Dear Friends,
We are working on the development of Industrial Robot.
We want to implement the collision detection feature in the robot.
Can any one guide us on how it can be done.
Thanks in advance
Sachin
Dear Friends,
We are working on the development of Industrial Robot.
We want to implement the collision detection feature in the robot.
Can any one guide us on how it can be done.
Thanks in advance
Sachin
That's... a very vague and open-ended question.
With industrial robots, generally the biggest problem is velocity and inertia -- by the time a collision can be detected, the damage has already been done. No robot can stop instantly, and the heavier the payload and the higher the velocity, the longer the deceleration ramp, even if the harshest possible stopping action is used. Robots intended for used alongside humans (Baxter, iiWA, etc) are either designed to be "soft", or operate with strict limits on the kinetic energy they can attain. They are also limited to very small payloads.
Collision methods that use non-contact sensing are complex and prone to false positives, and often suffer from maintenance issues in industrial environments.
Flexible tools, like the breakaway sensors often used on welding torches, only detect collisions between the torch and some obstacle, and are also limited to small payloads and/or low speeds.
Thanks SkyeFire for the response.
Actually we are at initial stage where we have kinematics, mechanical structure and motors.
I was wondering if i can monitor the motor current and gerenerate the stop signal if motor current exceeds defined limit.
This signal i can use for stoping the robot to avoid further damage.
I want to know if this is the right way or is there any other method to detect collision.
Regards
Sachin
It can be done, and has been done -- KUKA's built-in collision detection does this. But it doesn't change the inertia issue. It also requires "teaching" the collision detection system what the normal motor currents should be, for every motion in a robot path program, because the gravity and inertial factors cannot be modeled with sufficient accuracy. This also means that any change in robot speed can throw off the collision detection. The tolerance band must also be rather wide, since the motor current data is inherently noisy.
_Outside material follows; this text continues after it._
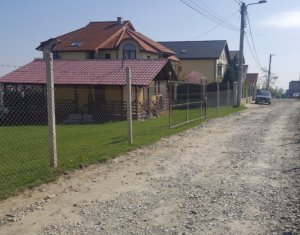 Telek eladó on Cluj-napoca, Zóna Europa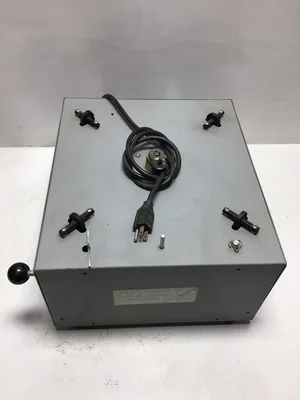 Hero D23PR12C0204E Colorant Dispenser 3A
The bottom line is this: if you use motor current to detect a collision, you will not detect a collision until after it occurs and has applied substantial force (enough to raise the motor current above the tolerance threshold). Plus, if the robot is moving at high speed, by the time this detection takes place and the motion control system reacts, the robot has probably already "stalled" physically against whatever obstruction it hit.